(The input begins)

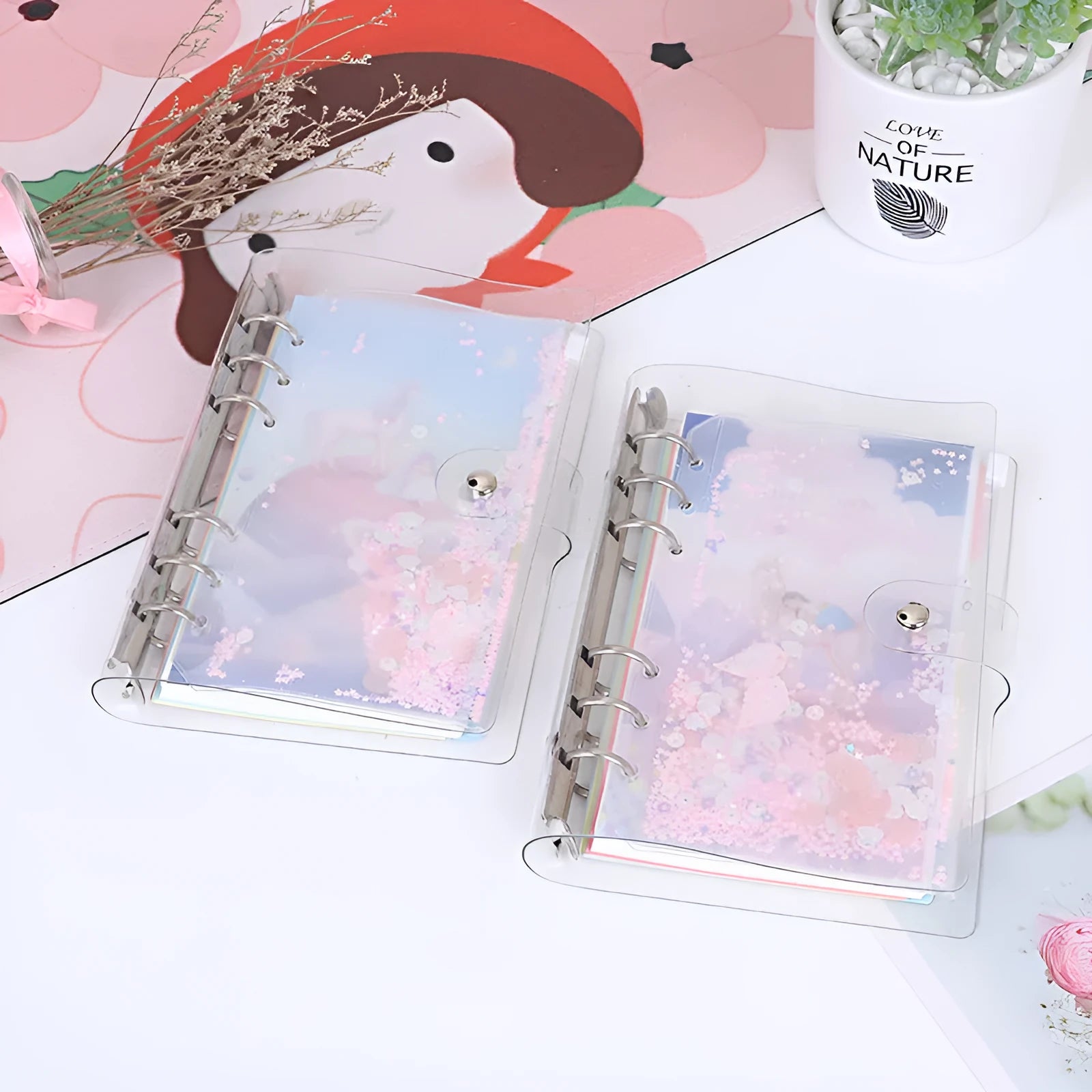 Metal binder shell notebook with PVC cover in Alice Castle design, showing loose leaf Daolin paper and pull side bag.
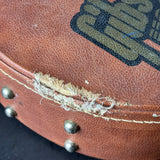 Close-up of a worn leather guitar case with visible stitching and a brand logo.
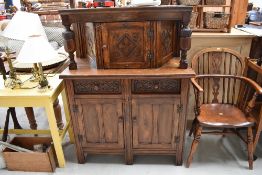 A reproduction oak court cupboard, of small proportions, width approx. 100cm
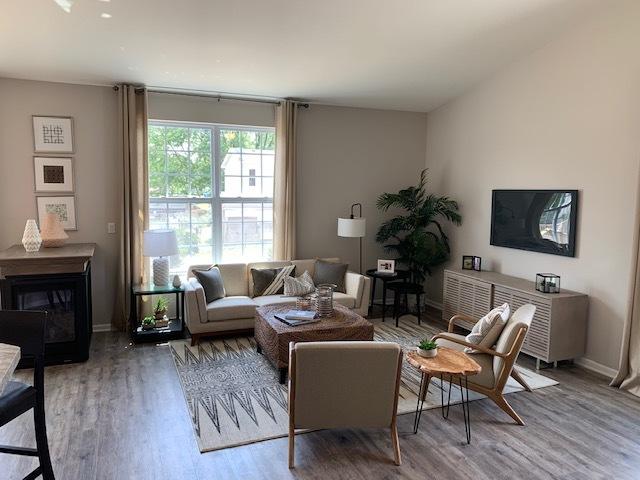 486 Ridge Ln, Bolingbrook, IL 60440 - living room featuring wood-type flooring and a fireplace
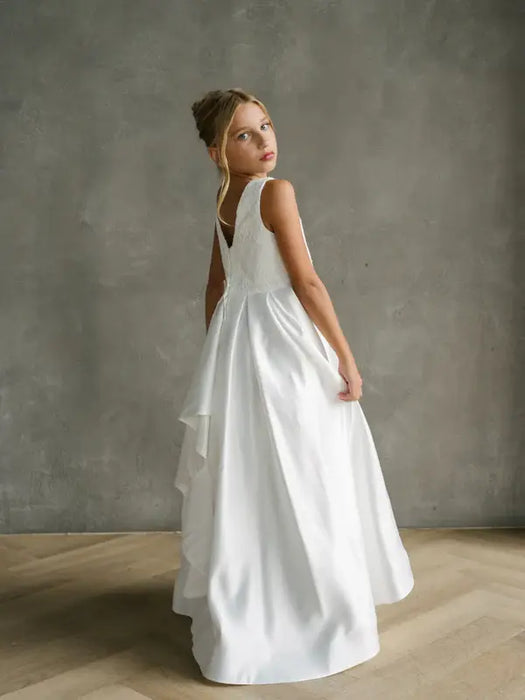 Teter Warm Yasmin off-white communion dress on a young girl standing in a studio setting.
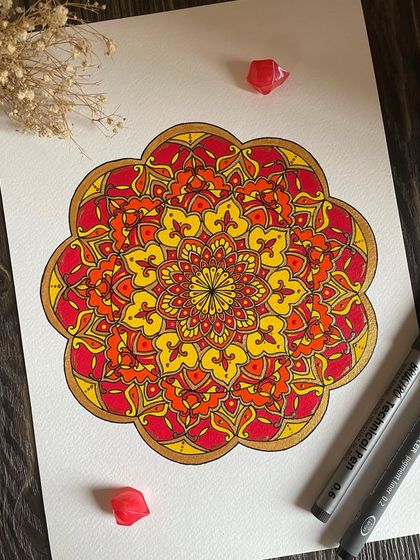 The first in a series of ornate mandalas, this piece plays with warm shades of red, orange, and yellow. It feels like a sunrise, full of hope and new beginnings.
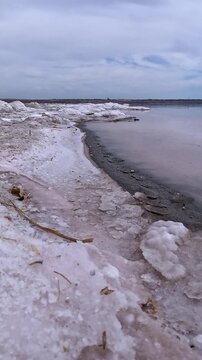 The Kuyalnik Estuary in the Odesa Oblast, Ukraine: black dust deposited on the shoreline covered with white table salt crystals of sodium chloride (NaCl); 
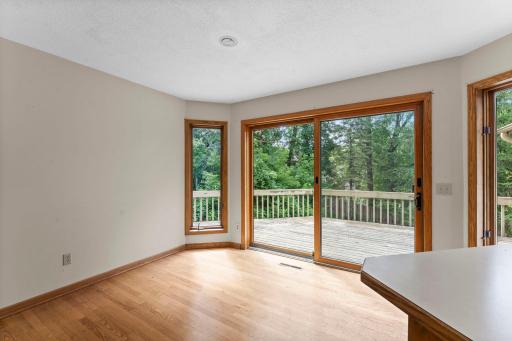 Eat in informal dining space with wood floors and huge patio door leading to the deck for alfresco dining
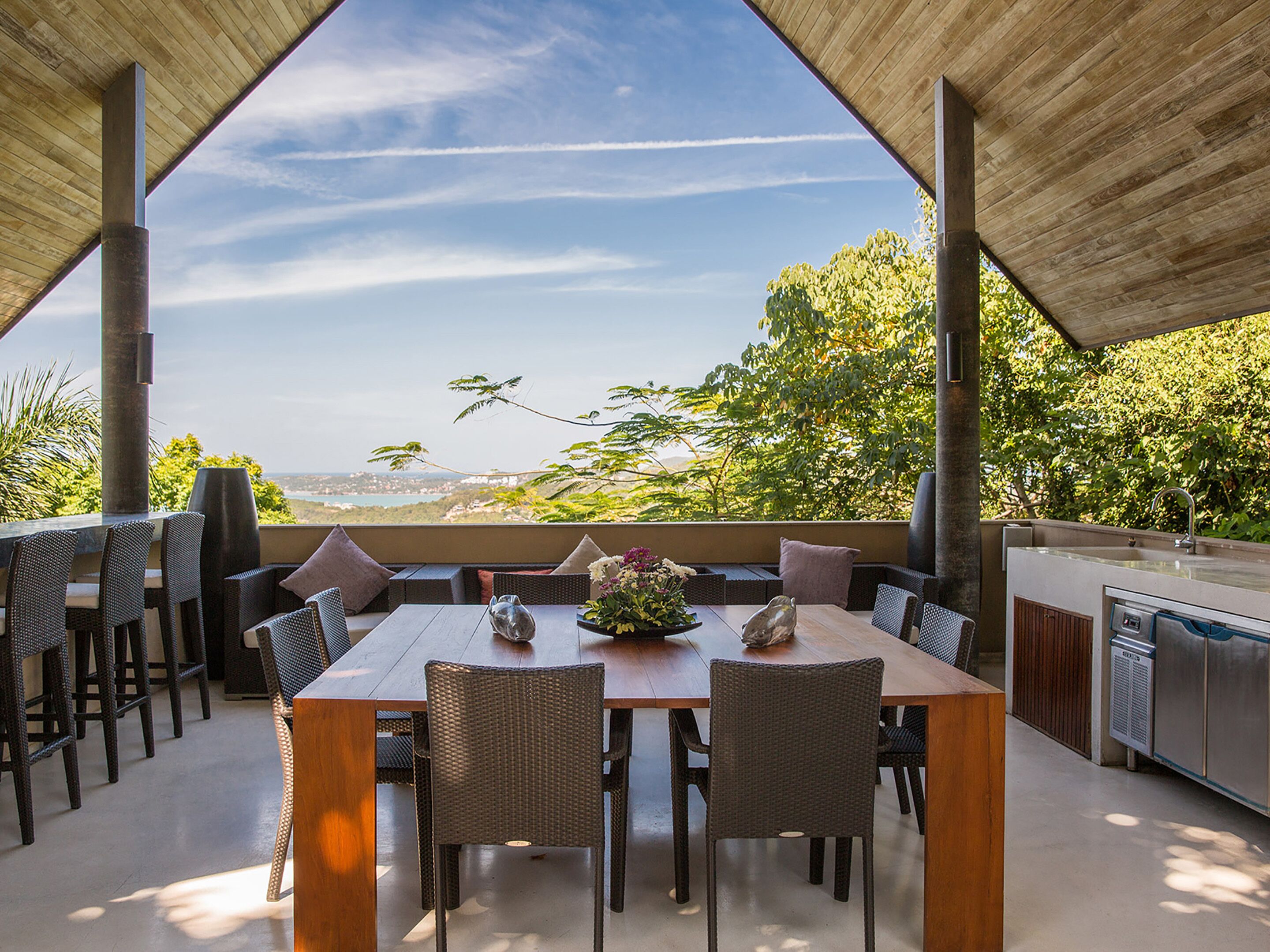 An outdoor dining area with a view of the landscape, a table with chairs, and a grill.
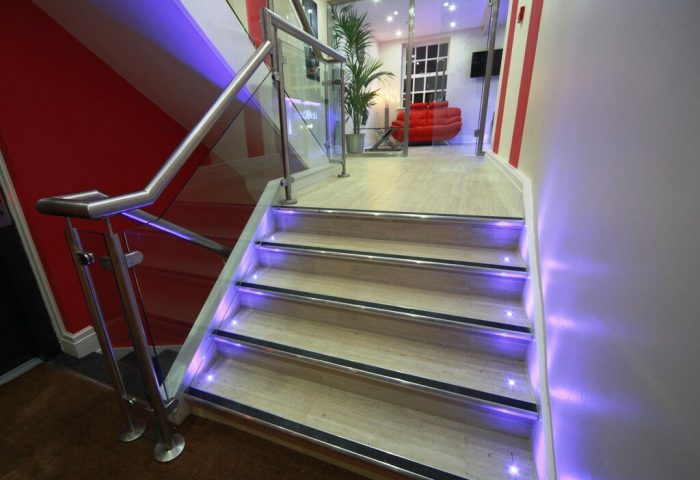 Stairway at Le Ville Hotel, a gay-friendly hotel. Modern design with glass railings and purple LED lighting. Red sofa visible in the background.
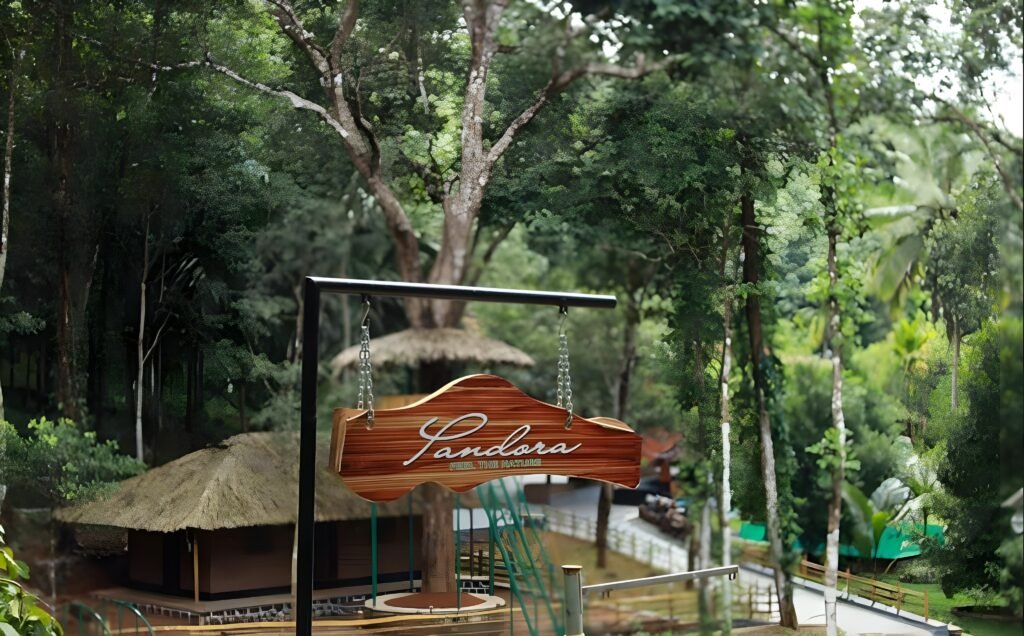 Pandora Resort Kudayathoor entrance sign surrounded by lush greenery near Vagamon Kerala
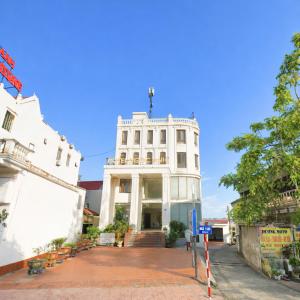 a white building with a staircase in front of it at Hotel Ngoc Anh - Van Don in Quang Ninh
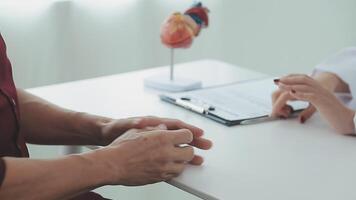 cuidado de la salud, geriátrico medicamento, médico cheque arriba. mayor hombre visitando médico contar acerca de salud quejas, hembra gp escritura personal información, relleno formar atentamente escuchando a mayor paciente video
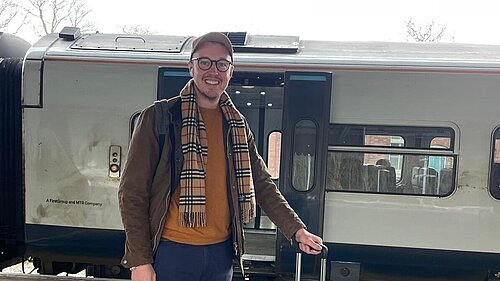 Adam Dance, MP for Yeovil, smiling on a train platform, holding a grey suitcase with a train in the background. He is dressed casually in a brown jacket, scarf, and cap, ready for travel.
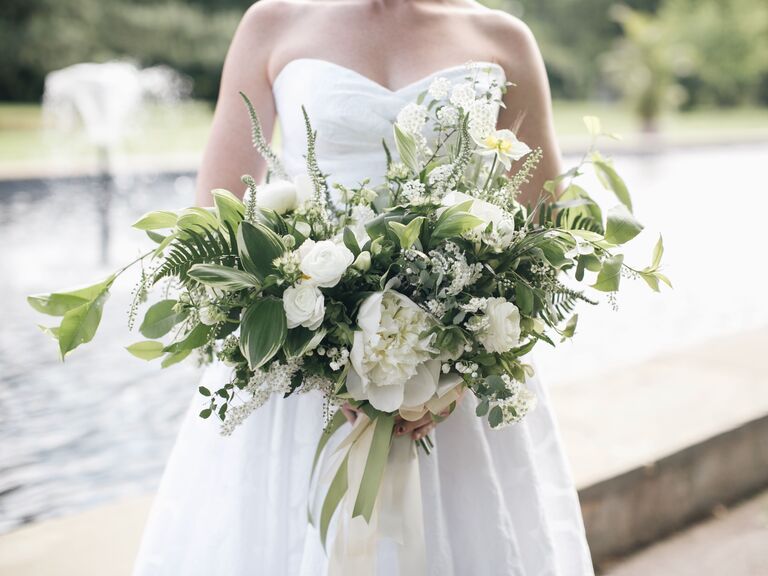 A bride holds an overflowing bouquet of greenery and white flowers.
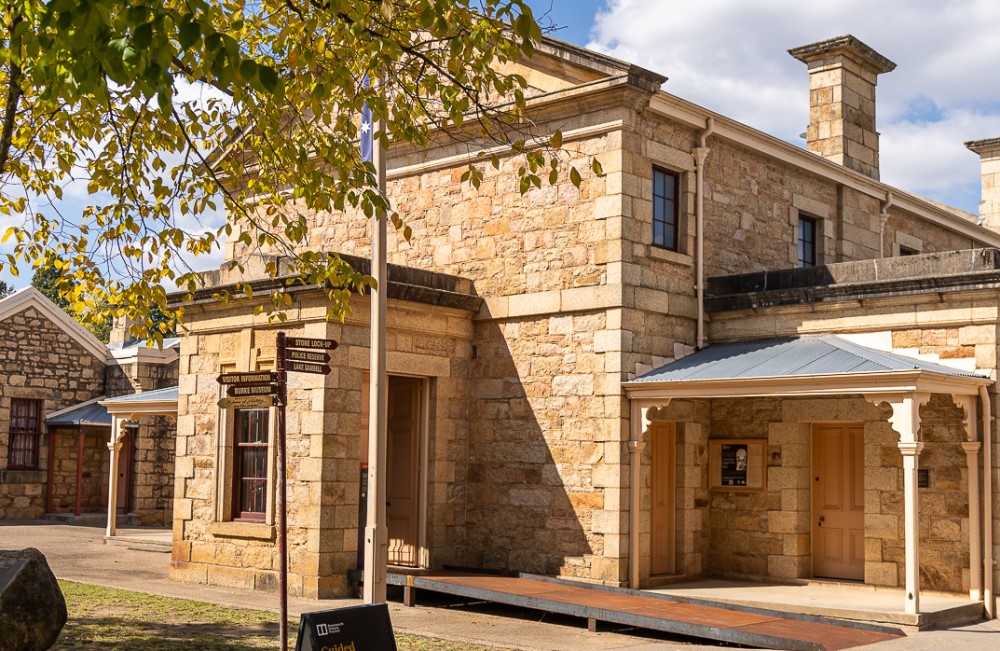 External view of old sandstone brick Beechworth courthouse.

(The input ends)

• _Task prompt_
Write out, exactly as they stand, the line with "486 Ridge Ln, Bolingbrook, IL" and every line after it through the end of the entries above; omit the pictures.

• _Finished exercise_
 486 Ridge Ln, Bolingbrook, IL 60440 - living room featuring wood-type flooring and a fireplace
 Teter Warm Yasmin off-white communion dress on a young girl standing in a studio setting.
 The first in a series of ornate mandalas, this piece plays with warm shades of red, orange, and yellow. It feels like a sunrise, full of hope and new beginnings.
 The Kuyalnik Estuary in the Odesa Oblast, Ukraine: black dust deposited on the shoreline covered with white table salt crystals of sodium chloride (NaCl); 
 Eat in informal dining space with wood floors and huge patio door leading to the deck for alfresco dining
 An outdoor dining area with a view of the landscape, a table with chairs, and a grill.
 Stairway at Le Ville Hotel, a gay-friendly hotel. Modern design with glass railings and purple LED lighting. Red sofa visible in the background.
 Pandora Resort Kudayathoor entrance sign surrounded by lush greenery near Vagamon Kerala
 a white building with a staircase in front of it at Hotel Ngoc Anh - Van Don in Quang Ninh
 cuidado de la salud, geriátrico medicamento, médico cheque arriba. mayor hombre visitando médico contar acerca de salud quejas, hembra gp escritura personal información, relleno formar atentamente escuchando a mayor paciente video
 Adam Dance, MP for Yeovil, smiling on a train platform, holding a grey suitcase with a train in the background. He is dressed casually in a brown jacket, scarf, and cap, ready for travel.
 A bride holds an overflowing bouquet of greenery and white flowers.
 External view of old sandstone brick Beechworth courthouse.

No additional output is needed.